President Obama’s Offshoring Rhetoric

Thus sprach President Barack Obama to a joint session of the Congress – “we will restore a sense of fairness and balance to our tax code by finally ending the tax breaks for corporations that ship our jobs overseas.” Everyone stands up to applause and I am a little confused.

First, how does someone even implement this proposition? I am yet not sure of the legal fine print but does it mean GE (example) will lose its tax breaks if it offshores customer support to Wipro Technologies in India (example) but will not if it sets up GE India Pvt Ltd for the exact same purpose? Most offshoring happen like this. An US company signs an outsourcing contract with an US subsidiary of (say) an Indian outsourcing vendor, which then sub-contracts the job out to its Indian parent at a price. The Indian company pays tax on the profit it earns from the arm’s length transaction with its US subsidiary while the US subsidiary pays tax as per the laws of its domicile country, that is the United States of America. The US earnings attracts Indian taxes only if the US subsidiary repatriates profits earned in the US in the form of dividend to its Indian parent company. Given this situation it is not intuitive how President Obama can implement his rhetoric.

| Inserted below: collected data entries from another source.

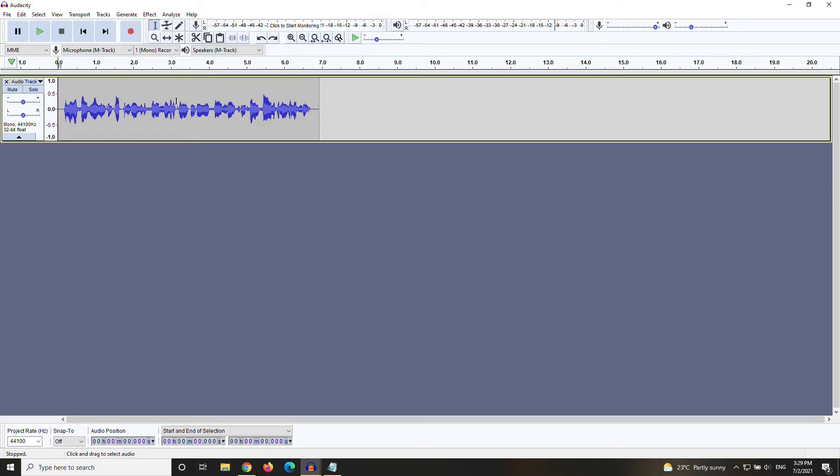First, you need an unedited audio clip. Once you've got that, select the second half of your clip, around the point where you want to start fading.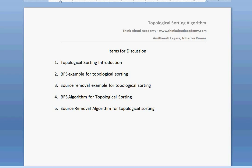Hi, this is Amit Kirti here. In this video, I would like to talk about topological sorting. The items for discussion are: topological sorting introduction, breadth first search example for topological sorting, source removal example for topological sorting, then the breadth first search algorithm and how to use it for topological sorting, and finally the source removal algorithm for topological sorting.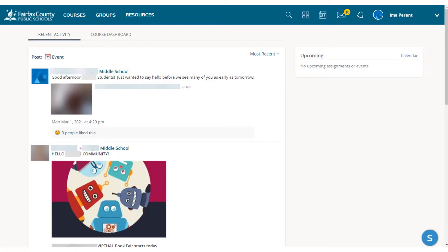Having a parent account at Schoology is like having two accounts: your personal account with your own name and information, and a peek into your child's account. Let's take a look at your account.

Secondly, a country loses jobs to offshoring when it no longer enjoys comparative advantage of performing a function or a task. The per transaction cost of answering a phone in Manila is way too low compared to Minnesota, so it is a given that Philippines becomes a preferred destination for that function. The folks at Minnesota graduate to doing stuff they are relatively more efficient in doing (like designing marketing campaigns for which the phones will ring in Manila). This outward movement of functions have been happening for a very long time with the US, especially in manufacturing. It can be argued that at a macro level the skill of car making shifting out of Detriot into South Korea and Japan is some sort of factor-induced non directed offshoring. So is it even possible to reverse an economic process by constructing non-tariff barriers? Or have we reached a situation where Americans have lost their relative advantage in significantly high number of functions and offshoring is a consequence of that rather than mere cost (or tax law) arbitrage? President Obama goes on to say – “… I do not accept a future where the jobs and industries of tomorrow take root beyond our borders – and I know you don’t either. It is time for America to lead again”.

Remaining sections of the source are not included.